The Guatemalan Passion of the Christ – Antigua, Guatemala

The Guatemalan Passion of the Christ
Antigua, Guatemala

The lent season is a special time in Latin America. The season begins with Carnival. Then the amount of activities decreases only to pick up in the week prior to Easter. There are many pageants, processions, and parades. The climax is during Holy Week (Semana Santa) with special days being Palm Sunday, Holy Thursday, Good Friday and Easter.

Central park in Antigua
Central park in Antigua
Antigua located in the southwest part of Guatemala is a good location to observe such activities. Antigua was the capital of Guatemala from 1543 until 1776 when an earthquake destroyed much of the city. The present capital, Guatemala City, is located less than 30 miles away. However, many people stay in Antigua because it is smaller (population of 30,000), less polluted, safer and more attractive. Central American capitals in general aren’t very attractive and many countries have a smaller, nearby city that is used as a tourist base.

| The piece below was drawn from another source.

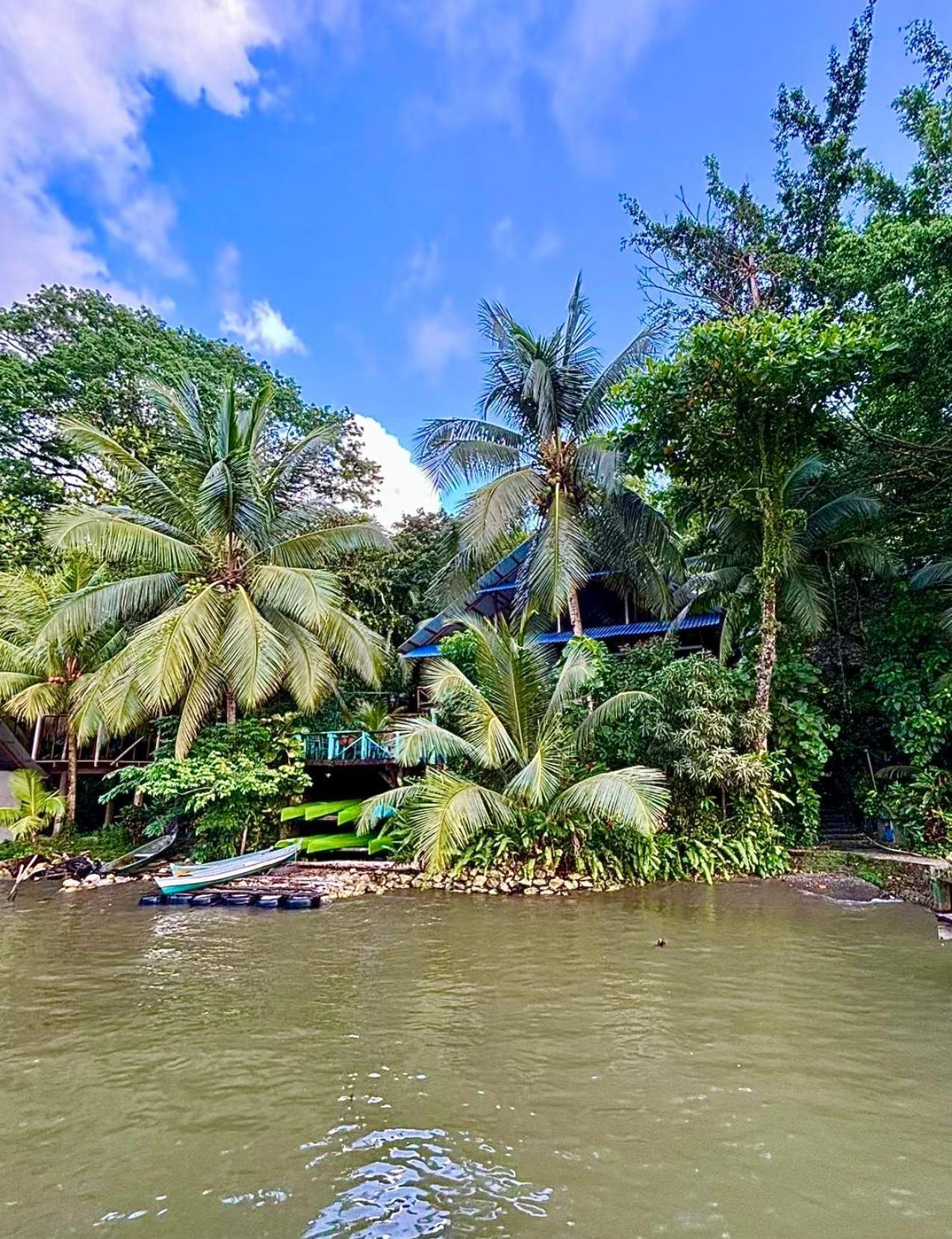 Palmeras Del Rio Hotel Ла-Винья Экстерьер фото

Most of the Semana Santa festivities center around La Merced, the church where the processions commence. The intricate paper machete angels used for the procession floats are completed and stored in La Merced. Locals can find their assignment in the following day’s procession from workers inside the church. The locals also make elaborate palms that included roses, carnations, grains and other flowers. These compare favorably to palms in America, which are usually fairly plain. Many people congregate outside La Merced and sell these palms to tourists and locals alike. The anticipation and excitement level is high throughout the city as people prepare for the processions.

The sound of canon fire starts the festivities early on Palm Sunday. Many travel to La Merced to attend Palm Sunday mass. The first of two processions starts in Central Park shortly after the mass and includes live actors who reenact the life of Jesus. It lasts for over three hours, which is a long time, but a lot happened during the life of Jesus. A man on a horse leads the procession, blowing his seashell horn, followed by a group of dancing children dressed in white and purple. The actors are next, followed by a donkey, sheep, and finally the residents of Antigua. Even people that don’t know Spanish can understand the play by what miracle Jesus was performing. The stories of Mary Magdalene, Martha, and Lazerus are retold.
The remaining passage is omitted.